The writings of Robin Wall Kimmerer, in The Democracy of the Species (2013) Kimmerer suggests that all species have rights and that recognising the mutual dependency and relationships between humans and other species leads to the protection of shared ecosystems. Noticing and naming other species is an essential form of care (Kimmerer 2013). Haraway (Haraway 2016) makes a similar proposition and argues that by considering kinship relationships, it is easier to visualise the impact that human action, i.e. fishing, dredging and draining has on the ocean and species living in it. Kimmerer argues that we should treat water and mountains as alive not static. Using an example from her language, Potawatomi, (Kimmerer 2013) where, people might say ‘The sea was visiting the bay,’ recognises the agency of the sea. The Wash is fed by four rivers but water is rarely imagined as an active subject that can chose where it goes, although it clearly does as the Wiggenhall Wave, the tidal bore4 at Kings Lynn and the Harbour Master at Wells testify. Kimmerer proposes a contract between the human and nonhuman that is built on reciprocity and accountability rather than finance and which allows us to sustainably live within the earth’s ecological limits, this Kimmerer refers to as the “honourable harvest” (Kimmerer 2013, p24). In contrast Sheikh (Sheikh 2018) argues that considering nature as an active participant in environmental publics requires us to go beyond the ‘rights of nature approach’ as this is in itself anthropocentric. Kimmerer (Kimmerer 2013) argues that giving voice is ‘biocentric’ and leads to sustainable cohabitation. Both theorists discuss the link between legal frameworks i.e. quotas designed to tackle local sustainability issues as well as global climate change treaties and conclude that witnessing by caring for others alongside legal frameworks could create a new avenue for public action. In The Wash references to laws and quotas controlling fishing go back to the Elizabethan era, 1558-1603, (Harrod H, in Midgley P. 1987). The laws cover pollution, barriers to navigation and the protection of spawn and young fish. Licensing continues today and the quotas now allow for consumption by key bird species i.e. oyster catcher that rely on mussels and shellfish to survive (IFCA 2017) as well maintaining stock.

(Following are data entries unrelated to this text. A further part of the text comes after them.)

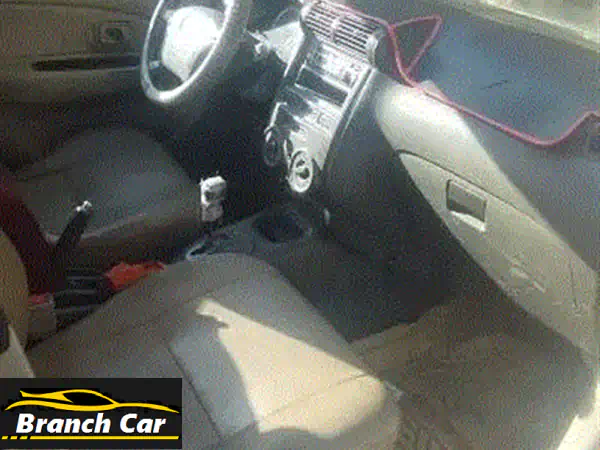 تويوتا أفانزا 2009 ذهبية - أوتوماتيك، بحالة ممتازة!...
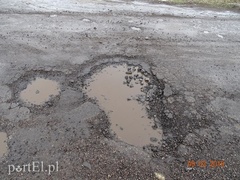 Prawdziwa droga przez mękę  (śladem publikacji) 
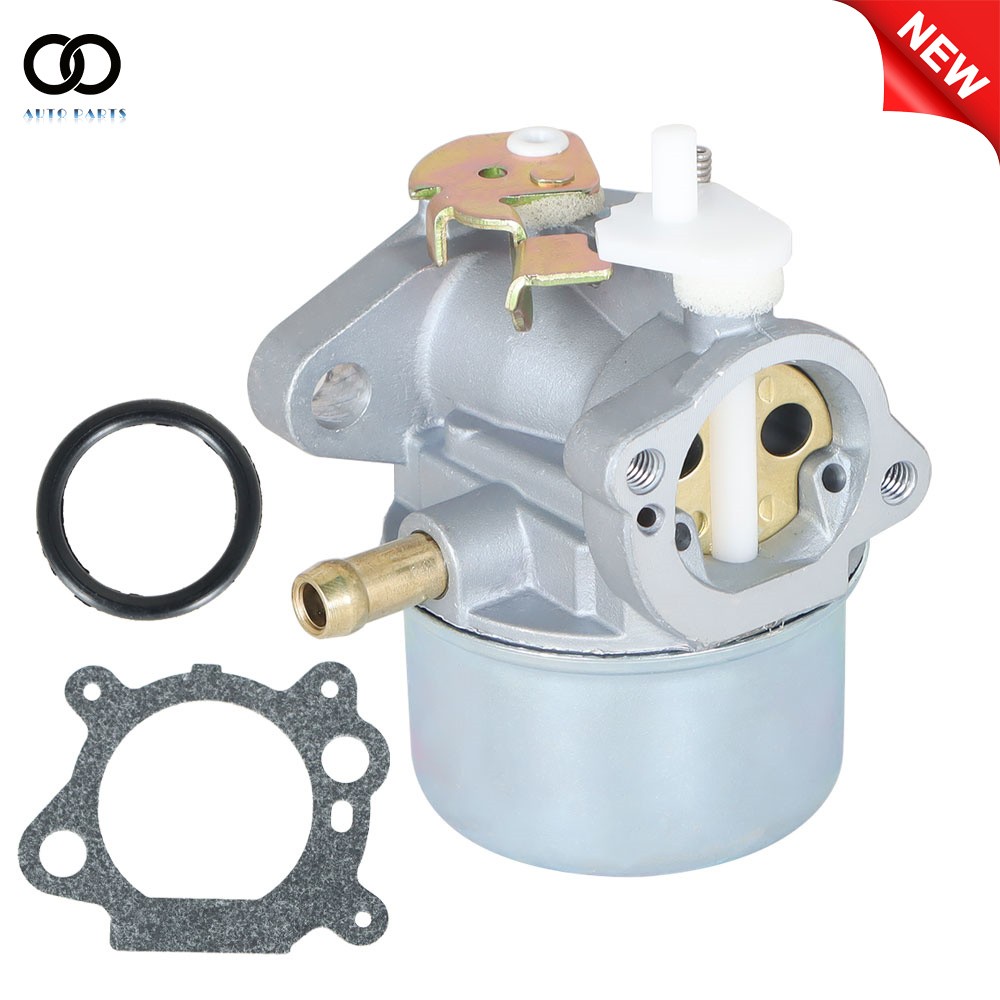Carburetor Kit For Oregon 50-658 494217 79986 799869 214661 4973647 520-964 gallery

Another key avenue explored by Sheikh in her paper is the temporal quality of witnessing, drawing on the writing of Nixon (Nixon 2013) who discusses the ‘slow violence’ that is inflicted on the environment, this is often incremental, for example in The Wash, the loss of saltmarsh or beach due to human induced climate change, and the resulting impact this has on nonhuman species including insects, birds and amphibians, requires an expanded understanding of the environmental witness as a community rather than an individual, capable of monitoring an ongoing accumulation of grievances over time. The constantly changing coastline, sand banks and salt marsh have been mapped over time. From Faden’s Map of Norfolk 1797 (Macnair, 2005) you can see the coast from Lynn to Wells was once enveloped by saltmarsh, almost of all of which has now gone, this is evidence of the ‘slow violence’ being inflicted upon The Wash.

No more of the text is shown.